Changing the differential fluid is valued at approximately a $135 for the service and fluids. It really doesn't take that long, nor is it that difficult. The procedure just seems a bit daunting when you first think about doing the work on your own.
The subject vehicle for this procedure is a 2002 GT. You will require a 3/8 drive socket set, a slot screw driver, a scraper tool and some high temperature silicone and a drain pan. The fluid required is 2 quarts/litres of differential fluid and 2 bottles of Friction Modifier. The differential is a limited slip configuration and the clutches require the addition of the friction modifier. People who leave out the friction modifier will start to generate excessive rear end noise and will have to add it anyway.

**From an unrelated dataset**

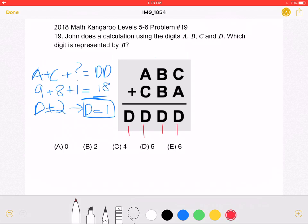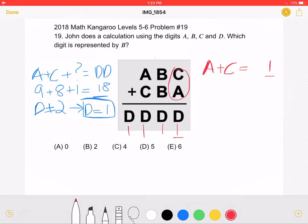Now we need to see what the sum of A and C are. Looking over here, we see that the ones digit of A plus C is 1. This means that when we have A plus C with a ones digit of 1 again, there is nothing being carried over from B plus B. Meaning that A plus C is equal to D, which is 11.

Start by putting the car up on a lift or jacking the car up as high as possible and supporting it with jack stands. Do not, absolutely do not attempt this procedure with the vehicle supported only by the lifting jack.
Once you have the vehicle securely supported by jack stands, start by loosening all the bolts that surround the rear differential pan. There will be a aluminum tag attached to one or more of the bolts that specify the gear configuration of you vehicle unless you have changed the gear ratio. If you have these, don't loose them, we will replace them during re-assembly. Once you have removed all the bolts, slow pry the pan away from the differential housing near the bottom, being careful to not damage the pan. You will need just enough prying force to break the silicone seal between the two mating surfaces. Once you have broken the seal just enough for the fluid to start running, let it run. This is nasty smelling stuff and you don't want to get any on your clothing.

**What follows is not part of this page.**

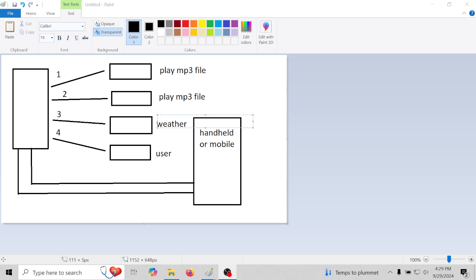Now number three is quite interesting. Number three, you would need a computer and internet. Number three would play the current weather over your repeater, and date or time, and it could do an announcement after it's done saying the weather. Now again, for the weather you will need internet and a computer. The other functions, you do not need a computer, you do not need internet.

Once you have drained the differential completely, continue to pry the pan away until it is free. Remove it completely by lifting it up over the rear sway bar. Use the scraper to remove all the excess silicone sealant from the mating edge of the pan, and clean any fluid gunk from the pan itself.
Re-direct your attention to the mating surface of the differential housing and clean it with the scraper as well. There is always some differential fluid that does not drain out completely. Take some throw away rags or paper towel and clean the bottom of the housing. Once complete, clean clean the mating housing surface again with some solvent so that it is clean and dry.

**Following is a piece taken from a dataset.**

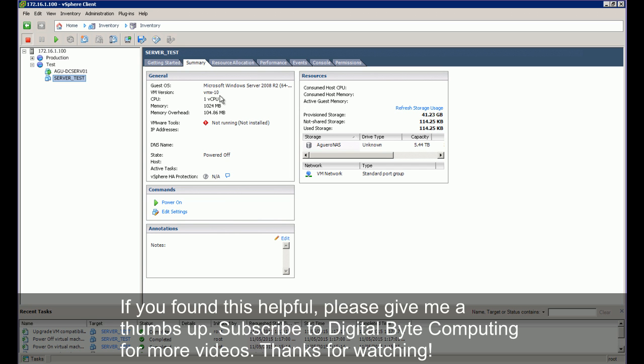If you found this video helpful, give me a thumbs up. Subscribe to Digital by Computing for more videos. Thanks for watching.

The pan will now need to have the high temperature silicone applied to it before closing up the differential. It is easier to apply this to the pan than to the vertical surface of the housing. Carefully maneuver the pan back into position being careful not to touch the silicone surface to anything. Any contamination could be a source for a leaky rear end. Replace a the bolts with any tabs and finger tighten as much as possible. With your socket, slowly tighten each bolt using a criss-cross pattern. This will ensure a good flat mating surface between the pan and the housing.
If time permits, it is best to leave the pan for several hours or over night to allow the silicone to cure completely. This really diminishes the possibility of leaks.
When the minimum time specified has elapsed, a socket driver with an extension will be required to remove the filler plug on the front side of the differential. This is on the drivers side, just above half way. Cut the end off of the spout provided on the differential fluid and empty 2 quarts/litres into the differential. Now add the 2 bottle of friction modifier and the housing should be full. If it does not already start running out, you should at least be able to stick you finger into the hole, and touch the fluid, this is adequate. If not, you may have to add a portion of another quart/litre of differential fluid.
Replace the plug and tighten. Over tightening can strip the thread and lead to a cost repair and a pile of wasted fluid. I had the transmission in neutral, which allowed me to turn the drive shaft a couple of revolutions, making sure the gear surfaces where covered and to help mix the fluid and the friction modifier. Check all you bolts and plugs are secure, slowly let the car down off the jack stands and you are finished.